> Source data
-*-

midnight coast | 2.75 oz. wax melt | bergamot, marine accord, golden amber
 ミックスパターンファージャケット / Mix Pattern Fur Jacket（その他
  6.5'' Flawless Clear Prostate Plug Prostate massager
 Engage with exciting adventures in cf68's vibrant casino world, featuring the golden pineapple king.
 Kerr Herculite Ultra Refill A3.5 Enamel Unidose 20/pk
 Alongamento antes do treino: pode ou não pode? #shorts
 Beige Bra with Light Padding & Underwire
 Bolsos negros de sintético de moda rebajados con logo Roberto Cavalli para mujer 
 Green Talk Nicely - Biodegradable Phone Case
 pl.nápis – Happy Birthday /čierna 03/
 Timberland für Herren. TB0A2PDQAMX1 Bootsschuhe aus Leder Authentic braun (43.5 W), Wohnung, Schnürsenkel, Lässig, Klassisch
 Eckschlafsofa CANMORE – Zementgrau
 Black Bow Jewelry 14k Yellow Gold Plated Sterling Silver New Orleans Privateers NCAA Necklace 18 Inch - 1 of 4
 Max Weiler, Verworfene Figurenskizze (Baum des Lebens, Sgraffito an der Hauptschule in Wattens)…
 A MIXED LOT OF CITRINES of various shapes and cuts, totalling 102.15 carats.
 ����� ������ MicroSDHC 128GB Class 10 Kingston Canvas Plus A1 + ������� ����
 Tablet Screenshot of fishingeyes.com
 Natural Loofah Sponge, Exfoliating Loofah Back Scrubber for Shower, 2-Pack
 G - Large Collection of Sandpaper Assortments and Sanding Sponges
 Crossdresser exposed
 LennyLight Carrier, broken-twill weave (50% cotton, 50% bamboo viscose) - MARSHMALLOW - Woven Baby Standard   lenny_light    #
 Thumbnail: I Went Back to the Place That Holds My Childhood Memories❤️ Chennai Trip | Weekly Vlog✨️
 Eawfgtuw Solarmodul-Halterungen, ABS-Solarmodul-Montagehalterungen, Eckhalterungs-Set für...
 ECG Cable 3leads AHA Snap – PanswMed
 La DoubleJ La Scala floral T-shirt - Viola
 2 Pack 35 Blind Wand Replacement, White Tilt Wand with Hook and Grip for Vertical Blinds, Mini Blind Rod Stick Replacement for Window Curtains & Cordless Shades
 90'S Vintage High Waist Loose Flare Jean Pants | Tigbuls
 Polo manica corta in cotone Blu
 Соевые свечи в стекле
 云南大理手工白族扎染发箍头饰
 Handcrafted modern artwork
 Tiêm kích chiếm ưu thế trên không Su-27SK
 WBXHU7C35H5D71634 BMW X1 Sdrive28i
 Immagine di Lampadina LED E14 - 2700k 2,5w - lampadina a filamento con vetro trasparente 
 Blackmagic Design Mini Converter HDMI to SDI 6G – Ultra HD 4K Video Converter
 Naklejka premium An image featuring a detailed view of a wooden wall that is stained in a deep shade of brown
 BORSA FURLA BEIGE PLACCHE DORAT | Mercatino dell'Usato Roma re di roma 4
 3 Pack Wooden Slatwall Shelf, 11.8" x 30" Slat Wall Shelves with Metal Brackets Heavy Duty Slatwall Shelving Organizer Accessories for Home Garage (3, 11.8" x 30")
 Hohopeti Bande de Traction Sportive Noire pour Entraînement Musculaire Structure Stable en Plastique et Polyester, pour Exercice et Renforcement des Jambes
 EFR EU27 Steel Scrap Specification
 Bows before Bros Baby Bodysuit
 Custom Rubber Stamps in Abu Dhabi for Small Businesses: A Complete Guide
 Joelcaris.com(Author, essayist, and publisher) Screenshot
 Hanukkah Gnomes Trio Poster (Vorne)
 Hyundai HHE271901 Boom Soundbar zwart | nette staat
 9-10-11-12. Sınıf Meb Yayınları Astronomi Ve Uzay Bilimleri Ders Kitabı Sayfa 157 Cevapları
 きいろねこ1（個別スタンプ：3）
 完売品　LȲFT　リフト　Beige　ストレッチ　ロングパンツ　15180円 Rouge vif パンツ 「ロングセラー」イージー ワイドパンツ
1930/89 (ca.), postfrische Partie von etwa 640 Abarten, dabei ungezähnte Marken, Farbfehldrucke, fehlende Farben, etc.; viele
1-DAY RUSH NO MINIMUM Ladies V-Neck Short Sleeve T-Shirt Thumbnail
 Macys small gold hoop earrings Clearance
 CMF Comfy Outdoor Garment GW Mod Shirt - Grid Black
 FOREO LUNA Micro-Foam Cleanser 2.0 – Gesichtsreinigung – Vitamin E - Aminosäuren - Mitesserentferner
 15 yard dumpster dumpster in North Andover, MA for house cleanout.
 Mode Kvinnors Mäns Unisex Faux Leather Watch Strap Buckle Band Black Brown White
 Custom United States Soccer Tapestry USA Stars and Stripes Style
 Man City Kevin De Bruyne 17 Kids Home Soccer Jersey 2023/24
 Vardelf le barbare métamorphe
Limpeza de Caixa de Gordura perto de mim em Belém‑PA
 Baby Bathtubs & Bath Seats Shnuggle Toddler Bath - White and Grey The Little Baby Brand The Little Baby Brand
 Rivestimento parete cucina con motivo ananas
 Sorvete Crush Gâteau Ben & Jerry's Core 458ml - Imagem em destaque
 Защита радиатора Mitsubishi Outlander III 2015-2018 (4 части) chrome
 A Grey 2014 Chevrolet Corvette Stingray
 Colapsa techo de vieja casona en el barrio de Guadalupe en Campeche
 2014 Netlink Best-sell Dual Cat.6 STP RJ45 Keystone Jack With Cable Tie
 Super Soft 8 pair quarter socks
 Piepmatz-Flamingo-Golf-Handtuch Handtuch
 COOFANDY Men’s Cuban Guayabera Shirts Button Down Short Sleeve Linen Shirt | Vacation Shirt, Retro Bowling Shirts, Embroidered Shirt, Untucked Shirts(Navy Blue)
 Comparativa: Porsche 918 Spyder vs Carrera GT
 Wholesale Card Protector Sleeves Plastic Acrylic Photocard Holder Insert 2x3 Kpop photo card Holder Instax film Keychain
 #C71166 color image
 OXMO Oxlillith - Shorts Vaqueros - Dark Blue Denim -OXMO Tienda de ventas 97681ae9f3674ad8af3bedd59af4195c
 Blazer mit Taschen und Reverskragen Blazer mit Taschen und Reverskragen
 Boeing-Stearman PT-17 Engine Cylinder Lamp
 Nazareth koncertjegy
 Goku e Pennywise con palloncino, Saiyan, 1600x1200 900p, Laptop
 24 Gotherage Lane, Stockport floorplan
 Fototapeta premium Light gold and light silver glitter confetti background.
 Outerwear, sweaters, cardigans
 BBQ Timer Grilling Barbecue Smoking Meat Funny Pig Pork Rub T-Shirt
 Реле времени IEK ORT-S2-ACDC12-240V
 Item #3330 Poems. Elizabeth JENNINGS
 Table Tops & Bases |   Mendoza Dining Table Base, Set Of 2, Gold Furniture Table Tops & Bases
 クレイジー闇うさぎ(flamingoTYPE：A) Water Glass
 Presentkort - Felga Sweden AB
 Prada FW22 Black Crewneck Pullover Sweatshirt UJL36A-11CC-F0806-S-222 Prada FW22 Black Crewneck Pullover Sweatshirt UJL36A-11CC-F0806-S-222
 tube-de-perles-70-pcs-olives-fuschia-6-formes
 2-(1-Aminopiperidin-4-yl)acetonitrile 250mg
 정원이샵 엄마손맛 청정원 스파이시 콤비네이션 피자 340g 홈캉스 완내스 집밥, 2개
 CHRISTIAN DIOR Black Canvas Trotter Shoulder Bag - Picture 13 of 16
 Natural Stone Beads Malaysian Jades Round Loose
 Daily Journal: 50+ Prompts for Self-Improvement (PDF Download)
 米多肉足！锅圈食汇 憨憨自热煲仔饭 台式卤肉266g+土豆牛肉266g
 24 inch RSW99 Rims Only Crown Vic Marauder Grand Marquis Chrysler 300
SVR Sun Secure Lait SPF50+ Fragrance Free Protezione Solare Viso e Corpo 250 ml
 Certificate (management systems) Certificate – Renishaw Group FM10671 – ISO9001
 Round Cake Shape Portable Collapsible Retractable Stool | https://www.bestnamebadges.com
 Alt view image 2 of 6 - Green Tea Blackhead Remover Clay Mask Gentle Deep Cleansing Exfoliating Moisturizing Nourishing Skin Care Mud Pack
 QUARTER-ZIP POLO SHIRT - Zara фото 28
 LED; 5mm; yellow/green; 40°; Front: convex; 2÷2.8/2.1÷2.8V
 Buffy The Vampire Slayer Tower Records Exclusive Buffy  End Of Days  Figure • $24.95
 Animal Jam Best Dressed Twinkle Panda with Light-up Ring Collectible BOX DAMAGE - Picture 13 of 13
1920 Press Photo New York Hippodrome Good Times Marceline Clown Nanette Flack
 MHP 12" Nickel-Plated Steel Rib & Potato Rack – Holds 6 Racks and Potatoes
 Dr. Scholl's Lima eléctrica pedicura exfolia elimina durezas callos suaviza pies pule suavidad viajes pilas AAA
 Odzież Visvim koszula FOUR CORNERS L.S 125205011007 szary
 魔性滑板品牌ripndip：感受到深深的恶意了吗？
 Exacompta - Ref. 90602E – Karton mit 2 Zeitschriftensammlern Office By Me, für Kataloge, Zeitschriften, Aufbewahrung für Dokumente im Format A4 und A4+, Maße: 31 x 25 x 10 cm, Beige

-*-

> Task statement
Look through the entries above and report each line where the string "Holds" occurs.

> Final answer
 Thumbnail: I Went Back to the Place That Holds My Childhood Memories❤️ Chennai Trip | Weekly Vlog✨️
 MHP 12" Nickel-Plated Steel Rib & Potato Rack – Holds 6 Racks and Potatoes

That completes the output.